A rede vai constituir-se através do Centro de Interpretação do Estado Novo, em Santa Comba Dão, Centro de Interpretação da Primeira República/Casa-Museu António José de Almeida (Vale de Vinha, Penacova), Centro de Interpretação do Anti-semitismo e do Holocausto/Casa-Museu Aristides de Sousa Mendes (Cabanas de Viriato, Carregal do Sal), Centro de Interpretação da Estância Sanatorial do Caramulo (Guardão, Tondela) e Centro de Interpretação da Primeira República/Afonso Costa (Seia).

António Rochette, coordenador do CEIS XX, salienta que este projecto “está inserido dentro de uma estratégia do próprio Centro de Investigação que já vem de muito longe, de desenvolver trabalhos sobre a I República e o Estado Novo, o que se reflecte claramente naquilo que é o plano estratégico para a próxima década”.

“Nós não queremos que [os centros] sejam quatro paredes, mas que cada um destes locais, muitos deles até isolados, tenham uma dinâmica pedagógica para as novas gerações, ou seja, que tenha uma vertente de educação a trabalhar para o esclarecimento e para a formação das novas gerações, para que aquilo que aconteceu de bom se repita e o de mau não se repita”, frisou.

O coordenador do CEIS XX salienta que o projecto trabalha ao nível da componente cultural, política e das “componentes ligadas a vivências de um território de baixa densidade”, abrangendo lugares que “95% dos portugueses não sabem onde é que fica”.

“Nós estamos a trabalhar numa lógica daquilo que é um dos grandes desígnios portugueses, que é a manutenção de população em territórios de baixa densidade, tentando chamar gente para esses mesmo territórios e promover também algum desenvolvimento desses mesmos territórios que estão nessa situação”, enfatizou António Rochette.

Segundo João Paulo Avelãs Nunes, um dos coordenadores científicos do projeto, os cinco centros de interpretação “têm temas actuais, realidades que aconteceram no passado, património e possibilidades de reutilização no presente, quer para o debate cívico, sempre de reforço da democracia e de qualificação dos territórios e das pessoas que vivem nos territórios”.

O académico, director do departamento de História e Estudos Europeus, Arqueologia e Artes da Faculdade de Letras da Universidade de Coimbra, salientou que, “aqui, o papel da historiografia e das outras ciências sociais não é determinar o que as pessoas devem pensar, mas propor análises, comparações que depois as pessoas utilizarão como cidadãos”.

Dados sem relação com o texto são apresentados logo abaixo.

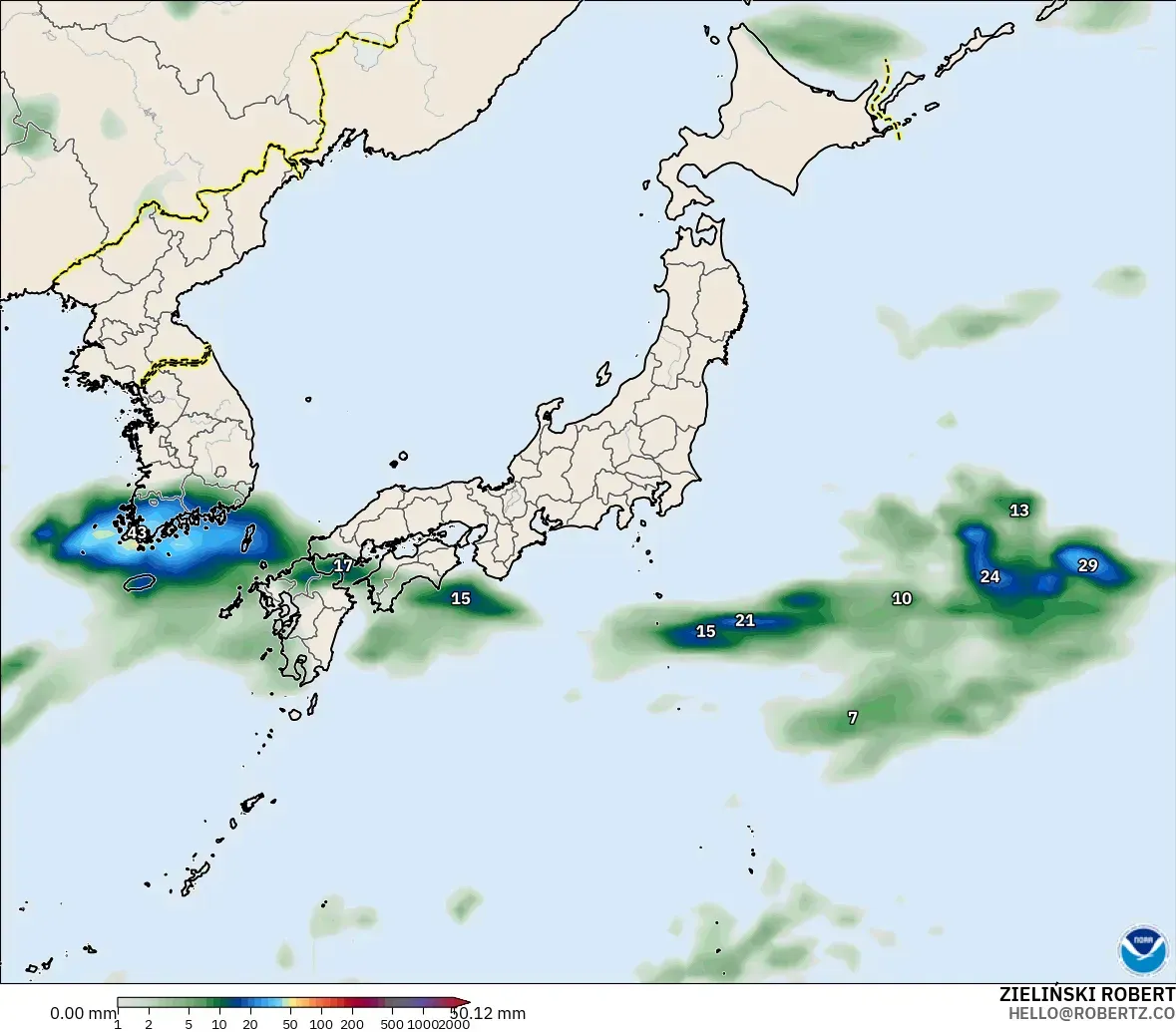 GFS modelo - Japón, Acumulación de precipitación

O projecto, neste momento, está em fase de discussão das linhas orientadoras de produção de conteúdos, que serão aprovadas pelas entidades que encomendaram o projecto ao CEIS XX e, posteriormente, pelo conselho consultivo, que será criado em breve, explicou Avelãs Nunes.

A criação da Rede de Centros de Interpretação e Memória Política da I República e do Estado Novo engloba a reabilitação e reutilização de cinco edifícios, nomeadamente um antigo sanatório, a casa de Aristides Sousa Mendes [que está em reconstrução] e a Escola Cantina Salazar.